## Activity
Return only the lines running from the one that contains "Djeco | crazy motors royal scarab - DJ05465" through the end of the entries, exactly, both ends included. Omit pictures.

'''

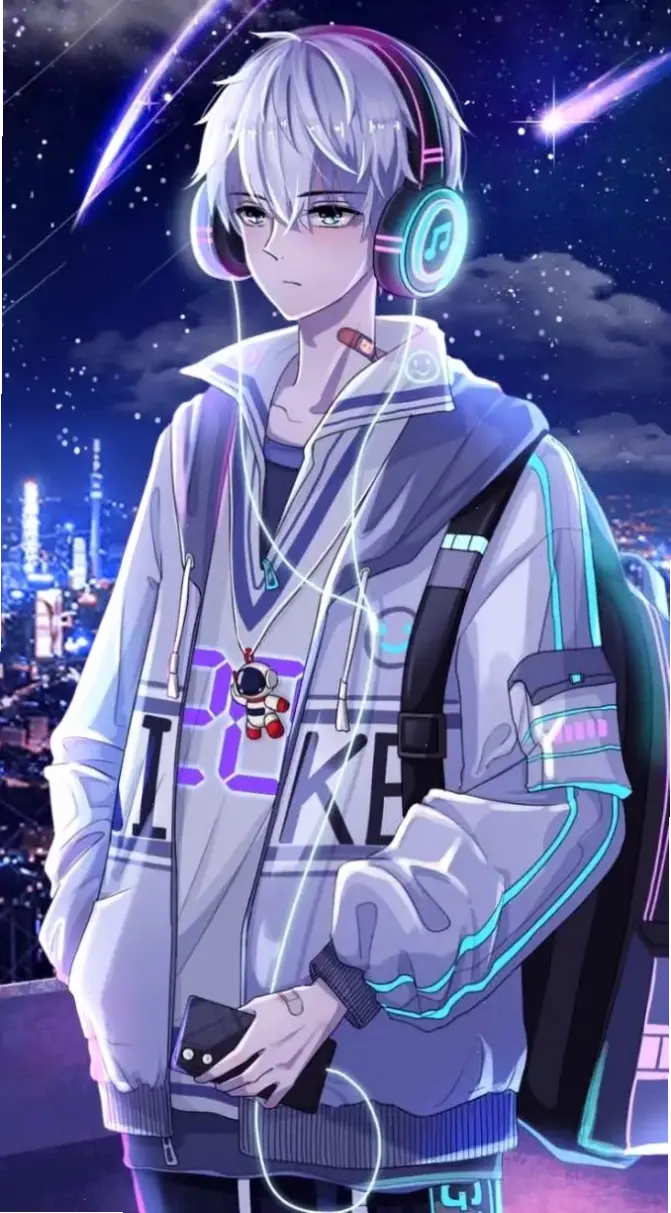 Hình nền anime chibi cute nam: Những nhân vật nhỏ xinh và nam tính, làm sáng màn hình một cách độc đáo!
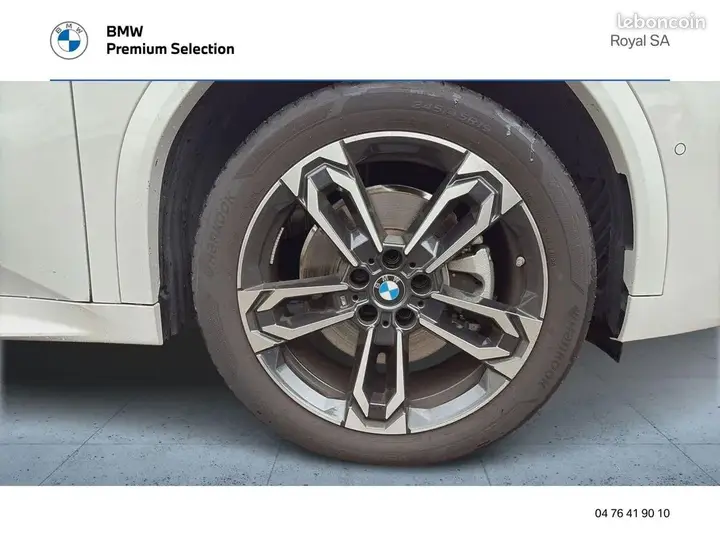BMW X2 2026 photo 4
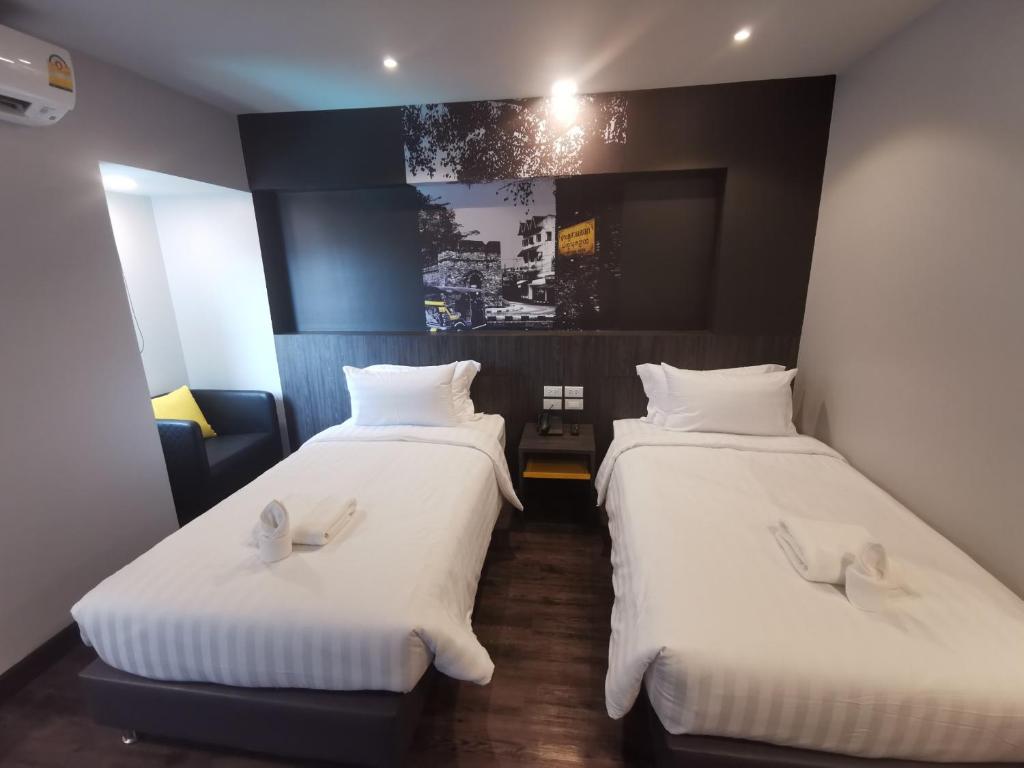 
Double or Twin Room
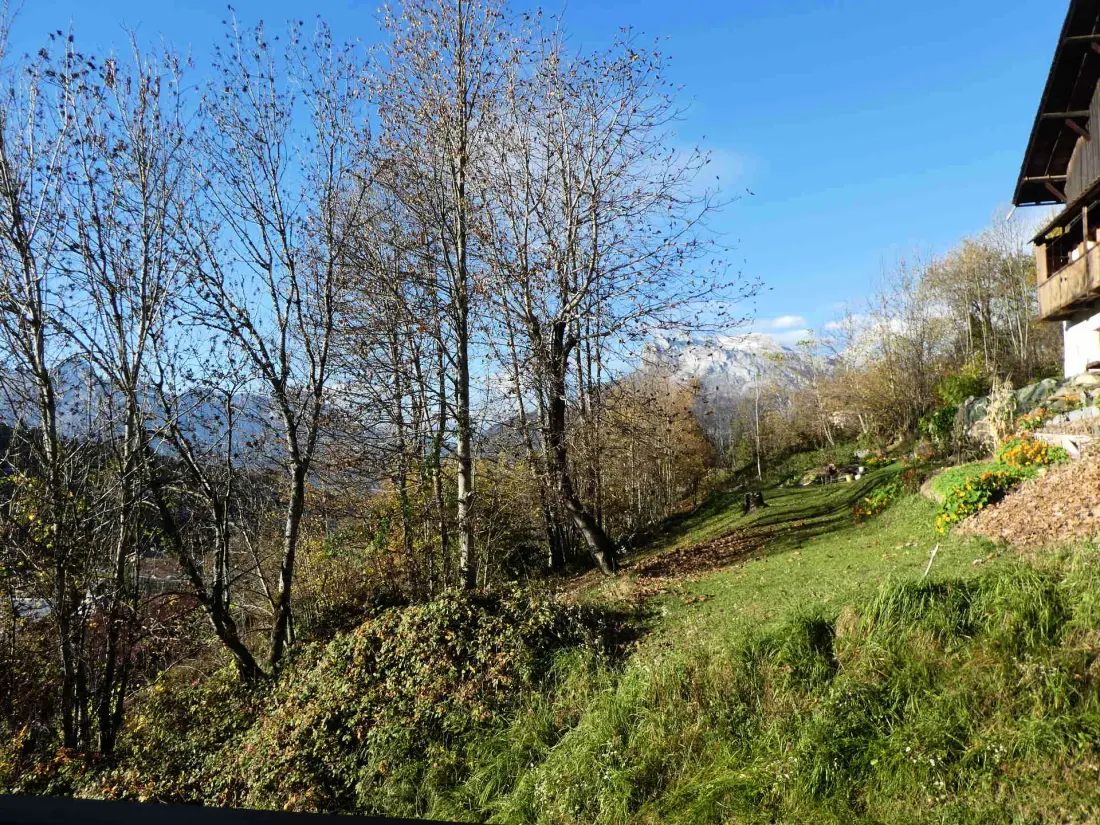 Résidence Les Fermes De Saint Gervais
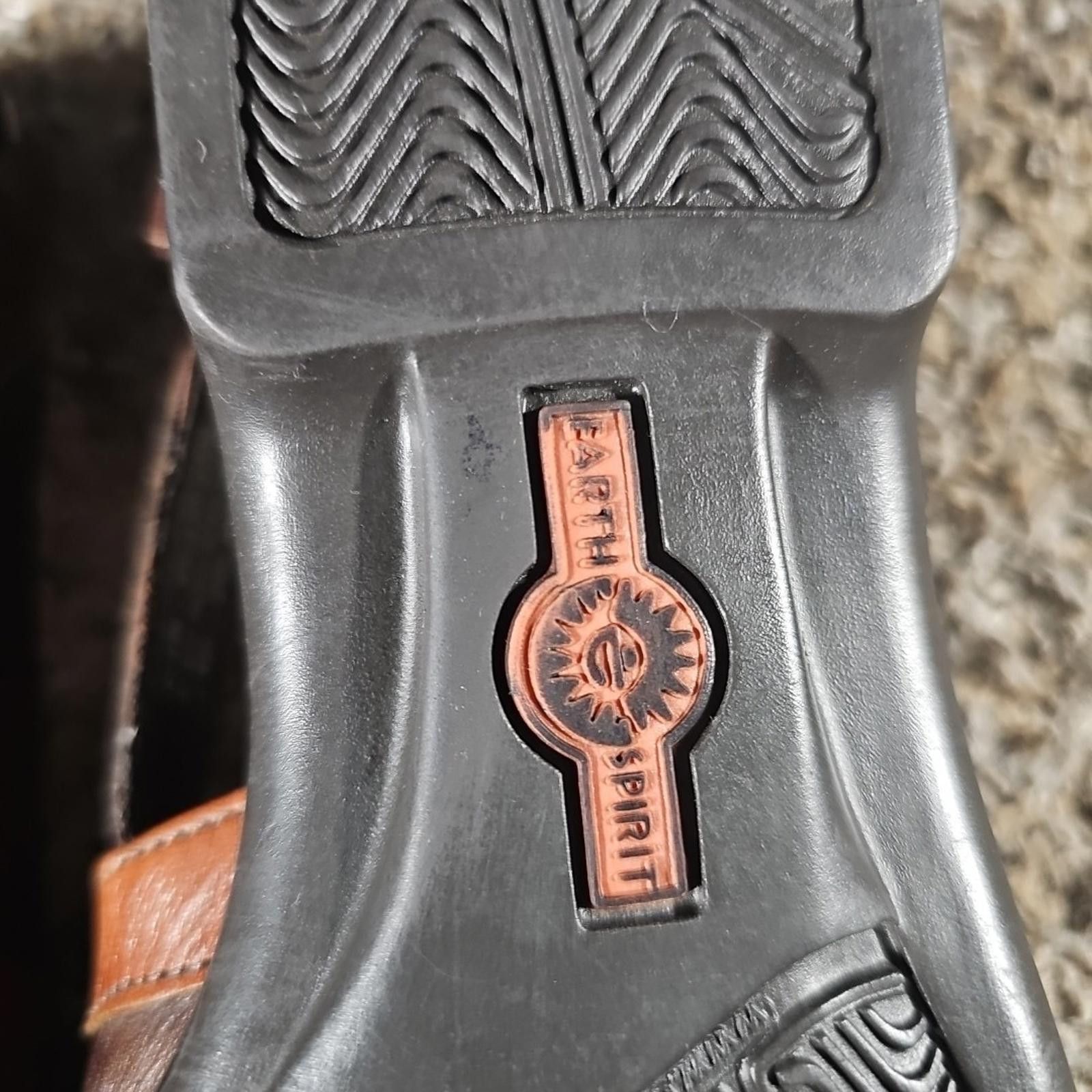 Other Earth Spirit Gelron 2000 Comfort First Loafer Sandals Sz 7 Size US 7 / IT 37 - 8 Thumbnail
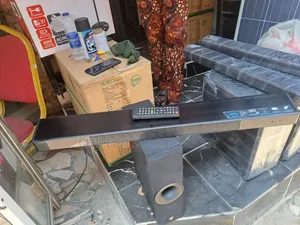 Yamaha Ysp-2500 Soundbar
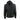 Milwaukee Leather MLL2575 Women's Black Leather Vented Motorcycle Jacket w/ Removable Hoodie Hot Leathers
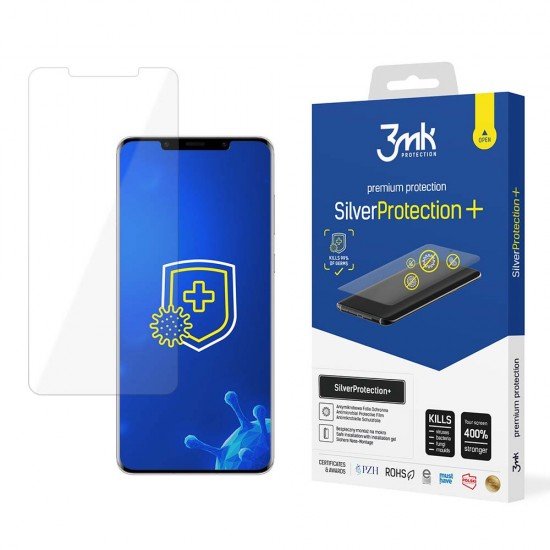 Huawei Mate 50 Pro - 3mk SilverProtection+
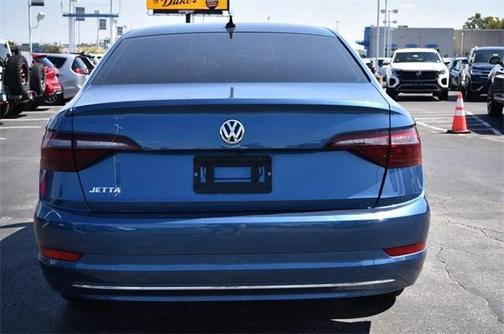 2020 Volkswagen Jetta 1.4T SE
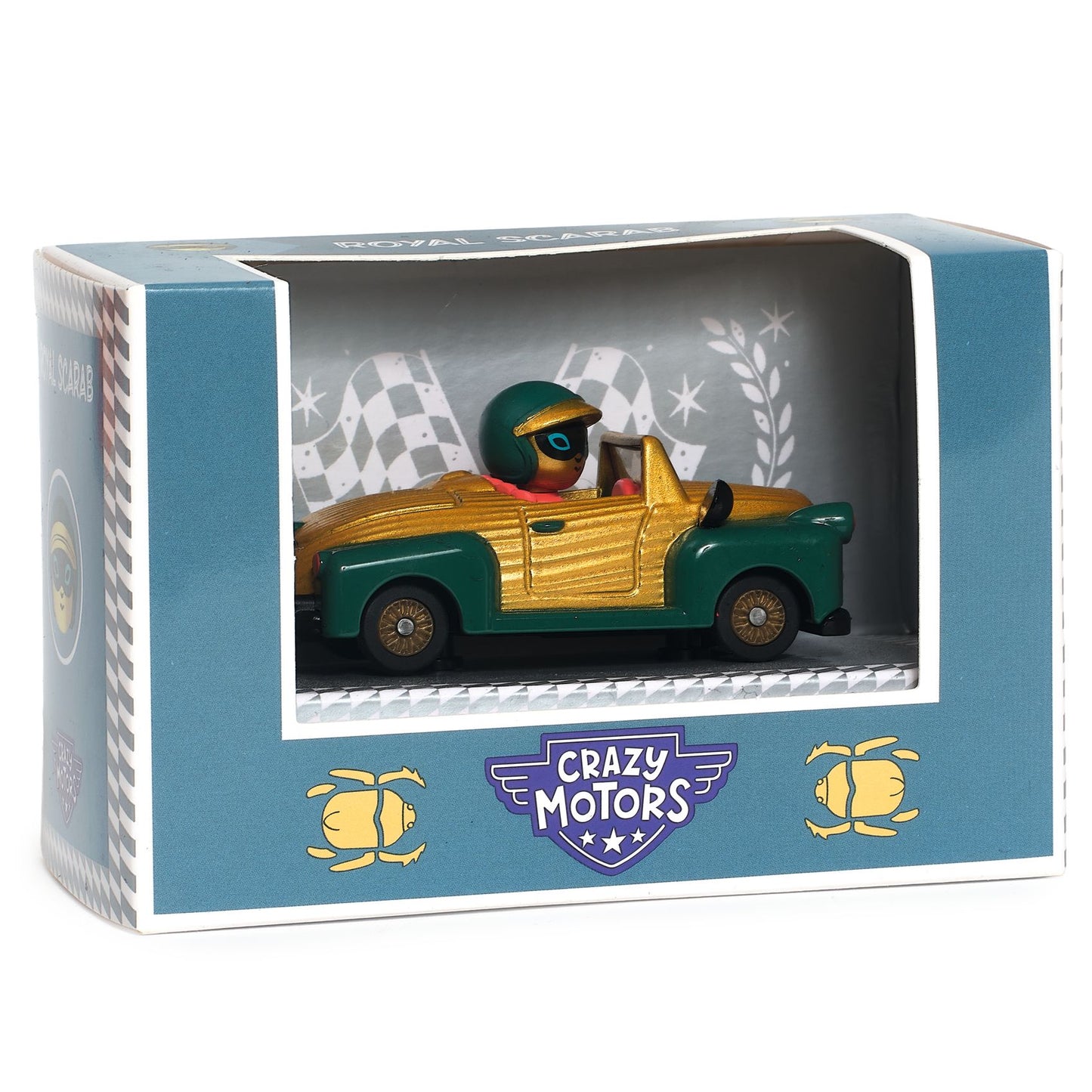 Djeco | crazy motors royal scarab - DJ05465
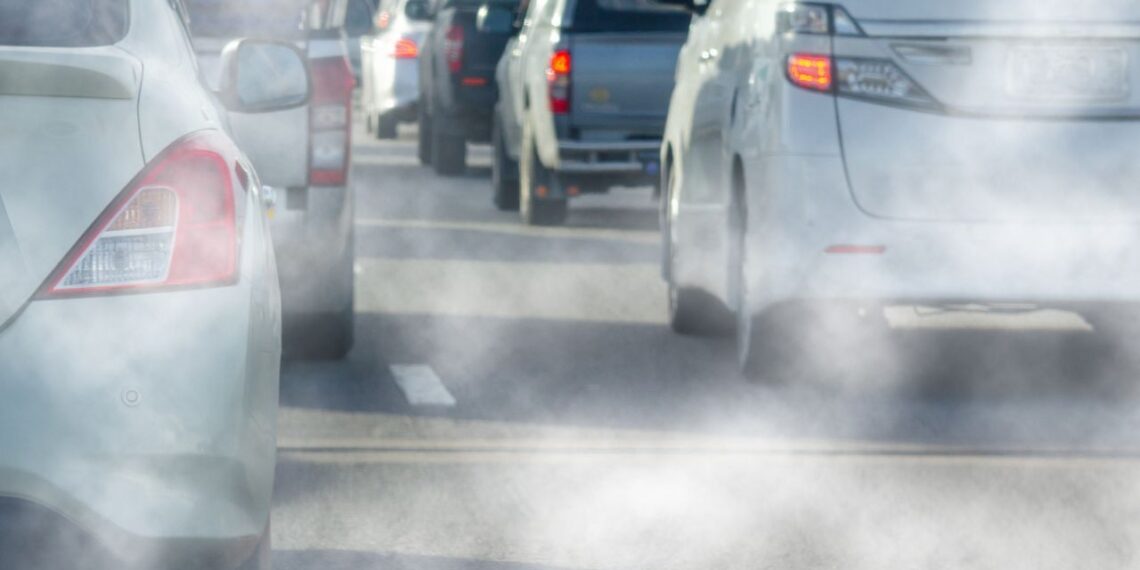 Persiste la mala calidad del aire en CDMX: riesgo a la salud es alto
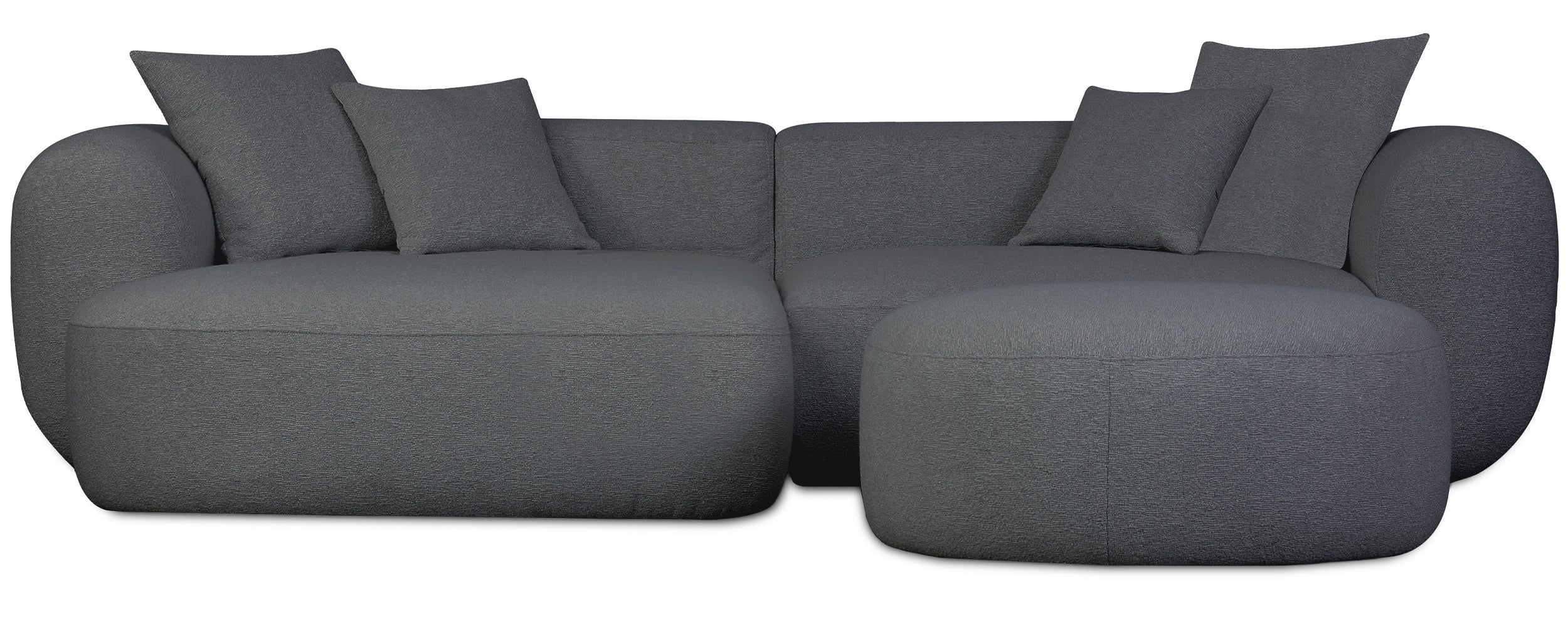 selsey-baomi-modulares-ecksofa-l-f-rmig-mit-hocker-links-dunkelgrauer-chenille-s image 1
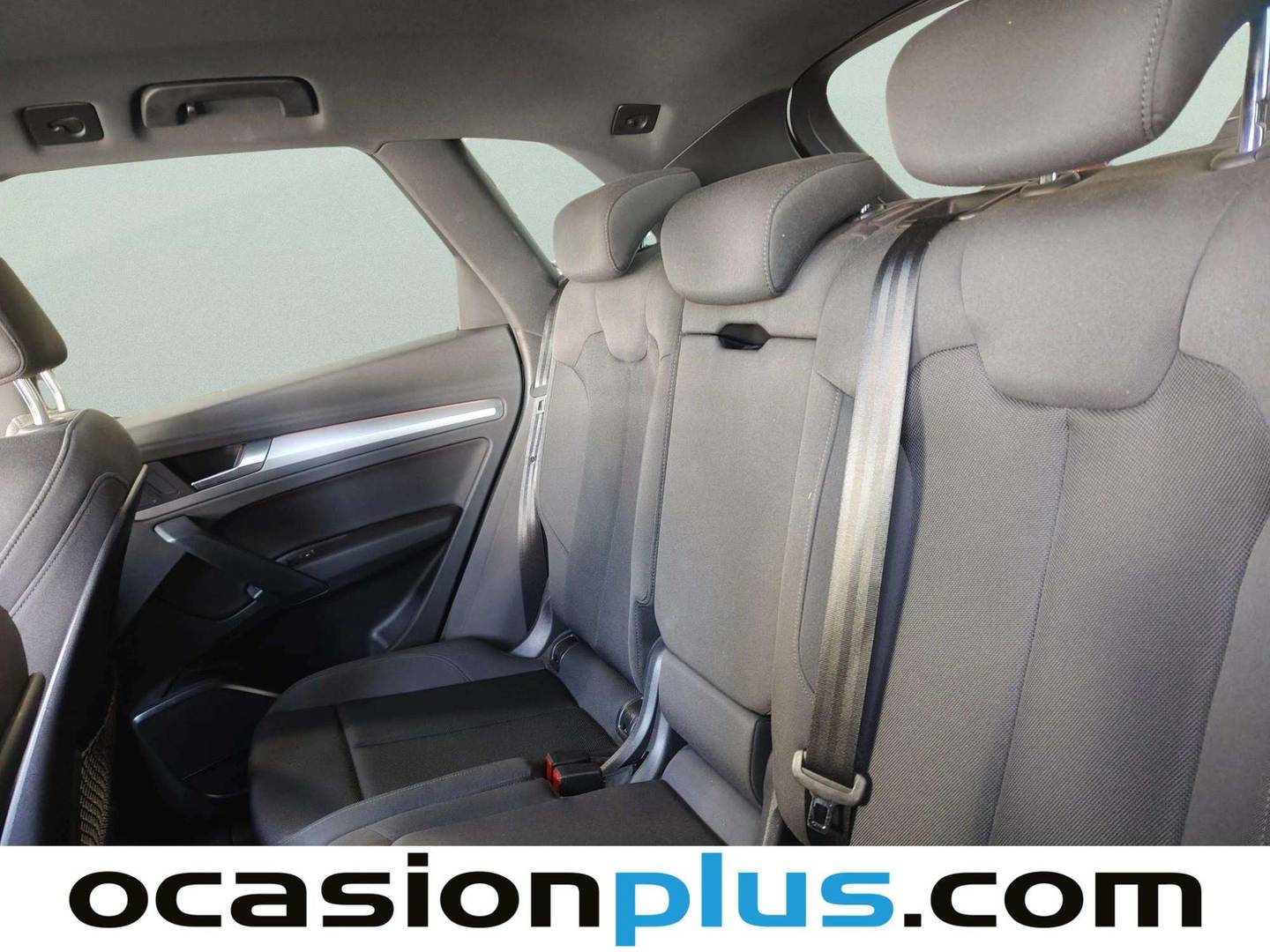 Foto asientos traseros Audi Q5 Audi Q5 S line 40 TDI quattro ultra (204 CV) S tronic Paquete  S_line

'''

## Task result
 Djeco | crazy motors royal scarab - DJ05465
 Persiste la mala calidad del aire en CDMX: riesgo a la salud es alto
 selsey-baomi-modulares-ecksofa-l-f-rmig-mit-hocker-links-dunkelgrauer-chenille-s image 1
 Foto asientos traseros Audi Q5 Audi Q5 S line 40 TDI quattro ultra (204 CV) S tronic Paquete  S_line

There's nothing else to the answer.